Somos buenos alemanes pero no sabemos qué es eso. Y difícilmente lo averigüemos nunca, pues parece que el ominoso término puede asumir todos los significados posibles, solo que no uno socialista, precisamente. Si ha de designar a los poseedores de aquellos méritos que, según los nacionalistas, aventajan al pueblo alemán sobre todos los demás pueblos de la tierra, entonces los obreros alemanes no son buenos alemanes, pues el capitalismo los ha hundido físicamente, los ha excluido del goce de la cultura alemana, ni siquiera les ha hecho aprender en debida forma la lengua materna. ¿Cómo se les puede llamar buenos alemanes?
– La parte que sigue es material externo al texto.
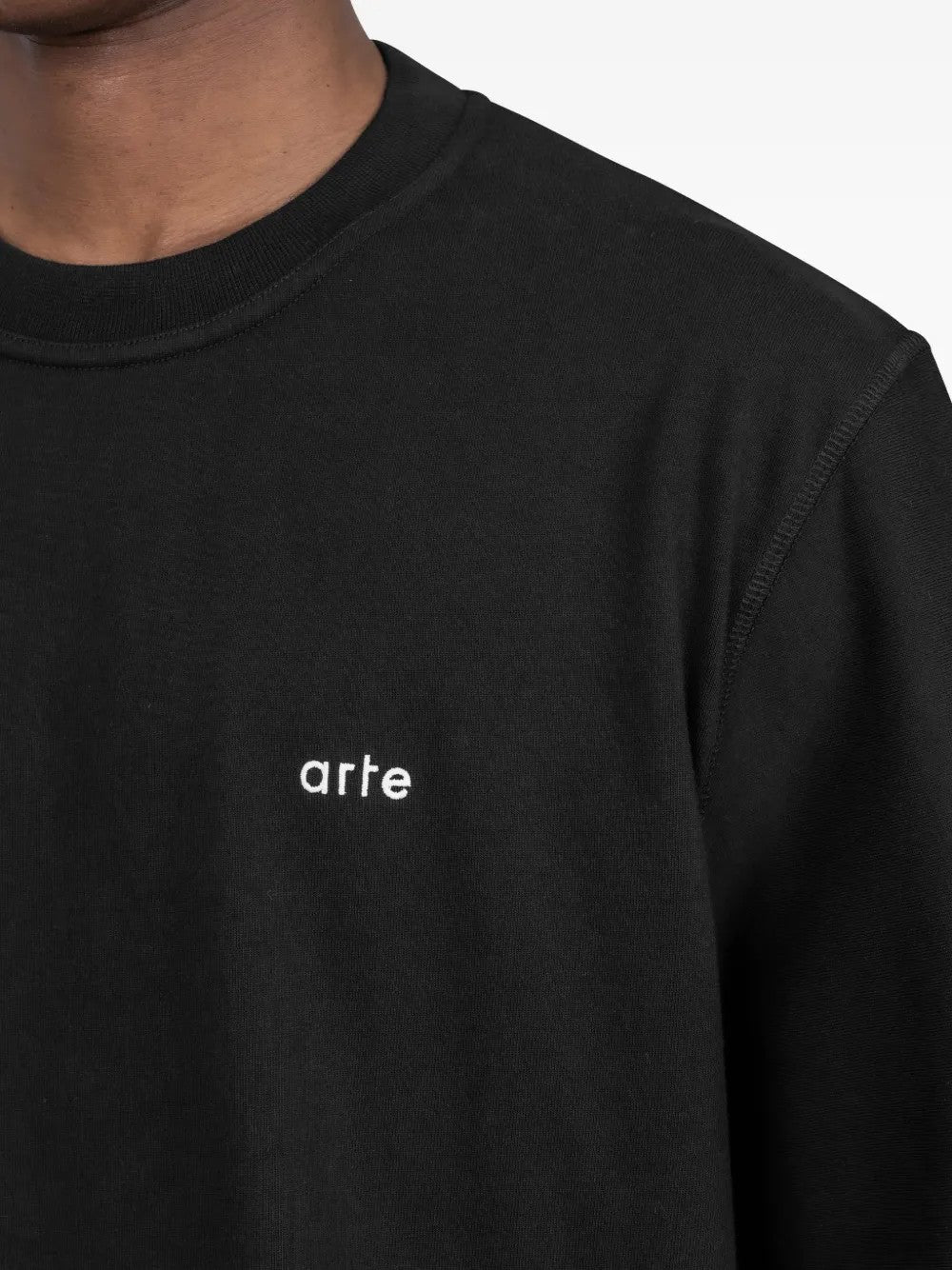 T-SHIRT Nero Arte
Pero quizás ese término signifique algo distinto, quizás quiera decir: tenemos simpatías por los alemanes. Más esto, ¿a qué equivale? ¿Quién tiene simpatías por los alemanes? ¿Quién habla bien del pueblo alemán? Nosotros no hablamos bien en absoluto de clases enteras del pueblo alemán, de todos los explotadores y opresores. Y aunque solo hubiese que considerar como pueblo alemán a los alemanes explotados y oprimidos, faltaría mucho para que nos pudiésemos llamar buenos alemanes simplemente porque representamos sus intereses, pues no solo combatimos la explotación y la opresión porque y en la medida en que las padecen los alemanes: también luchamos contra la explotación y la opresión de checos, rutenos e italianos. O sea que según la lógica de nuestros buenos alemanes los socialdemócratas alemanes, no solo seríamos buenos alemanes sino también buenos checos, buenos rutenos y buenos italianos. ¿Por qué, pues, habríamos de recalcar precisamente nuestra germanidad? ¿Acaso porque tenemos que ver más que nada con alemanes? El zapatero organizado trabaja naturalmente en la organización de zapateros: ¿se llamará por eso buen zapatero, zapatero convencido?
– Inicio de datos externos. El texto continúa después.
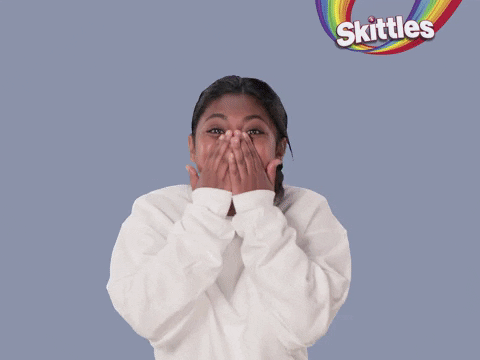 Skittles Laugh Hilarious GIF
El compañero Renner, en su folleto El obrero alemán y el nacionalismo, consiguió en setenta páginas, sino explicarla, al menos fundamentarla. Ese escrito contiene muchísimo de valioso. Renner muestra cuán en contradicción está la práctica de los nacionales con su ideología, muestra que detrás de las frases nacionales se esconden intereses burgueses. Pero piensa: cuanto más, mejor, y así, junto a una refutación absolutamente socialista del nacionalismo, hace correr una absolutamente no socialista. Opina, por supuesto, que solo se sirve de una “terminología inhabitual”, que solo se ha “adaptado algo” al “tono” de la ideología del adversario a quien se dirige. Pero ha hecho más. Ha querido equiparar la ideología nacionalista y la socialista. Ha vertido vino en la letrina, pero no por eso ennobleció la letrina, tal cual sería, sino que solo echó a perder el vino.

Una vez más: ¿qué tiene que hacer la frase que dice que somos buenos alemanes? A quien piense con criterio nacional, vale decir burgués, tampoco lo convenceremos con las apasionadas protestas de nuestra germanidad; ese solo se divertirá con nosotros. O sea que nada tenemos que ganar como buenos alemanes. Pero sí que perder. Confundimos al obrero cuando de golpe le descubrimos que es “un fiel hijo de su pueblo”, pero no hay por dónde agarrar al adversario con nuestra germanidad. Así como a ellos les sirve de poco hacerse los socialistas, también a nosotros nos sirve de poco hacernos los nacionalistas. No podemos dejar fuera de combate a los nacionalistas buscando emparejarnos con ellos o bien sobrepujarlos. Solo podemos hacer una cosa: contraponer a la ideología nacionalista la ideología del internacionalismo intransigente.


[1]La diferencia entre sentimientos nacionales y nacionalistas me parece demasiado sutil. Encuentro que nacionales y nacionalistas no tienen diferencias esenciales entre sí: el nacional solo es un nacionalista recortado, mesurado, pero al fin y al cabo un nacionalista.